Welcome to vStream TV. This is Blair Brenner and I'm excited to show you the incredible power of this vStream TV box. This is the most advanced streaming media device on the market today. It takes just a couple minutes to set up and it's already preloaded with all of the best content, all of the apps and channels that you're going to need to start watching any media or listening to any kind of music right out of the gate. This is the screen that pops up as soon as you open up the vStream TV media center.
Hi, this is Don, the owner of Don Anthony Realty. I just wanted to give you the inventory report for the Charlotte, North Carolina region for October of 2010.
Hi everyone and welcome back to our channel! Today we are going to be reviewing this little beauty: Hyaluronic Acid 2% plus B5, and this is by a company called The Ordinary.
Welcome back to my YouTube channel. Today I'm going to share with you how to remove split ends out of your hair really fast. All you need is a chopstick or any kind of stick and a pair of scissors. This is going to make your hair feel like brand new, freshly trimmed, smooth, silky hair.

---

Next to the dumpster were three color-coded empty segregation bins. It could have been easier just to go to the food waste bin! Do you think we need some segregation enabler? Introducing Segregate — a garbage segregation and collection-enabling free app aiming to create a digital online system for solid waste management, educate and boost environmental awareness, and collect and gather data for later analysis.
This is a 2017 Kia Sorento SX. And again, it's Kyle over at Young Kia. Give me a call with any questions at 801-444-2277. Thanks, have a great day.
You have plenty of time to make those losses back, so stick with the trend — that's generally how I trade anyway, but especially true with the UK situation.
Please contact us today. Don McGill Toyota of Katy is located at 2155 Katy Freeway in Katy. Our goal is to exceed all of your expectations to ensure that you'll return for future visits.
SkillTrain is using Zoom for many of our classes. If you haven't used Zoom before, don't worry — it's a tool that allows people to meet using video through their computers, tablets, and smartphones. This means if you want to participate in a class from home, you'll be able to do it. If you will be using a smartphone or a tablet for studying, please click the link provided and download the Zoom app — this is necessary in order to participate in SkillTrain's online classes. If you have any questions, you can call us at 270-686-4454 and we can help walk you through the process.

**Problem requirements**
Where the word "back" appears in a line of the entries, copy that line.

**Your solution**
Hi everyone and welcome back to our channel! Today we are going to be reviewing this little beauty: Hyaluronic Acid 2% plus B5, and this is by a company called The Ordinary.
Welcome back to my YouTube channel. Today I'm going to share with you how to remove split ends out of your hair really fast. All you need is a chopstick or any kind of stick and a pair of scissors. This is going to make your hair feel like brand new, freshly trimmed, smooth, silky hair.
You have plenty of time to make those losses back, so stick with the trend — that's generally how I trade anyway, but especially true with the UK situation.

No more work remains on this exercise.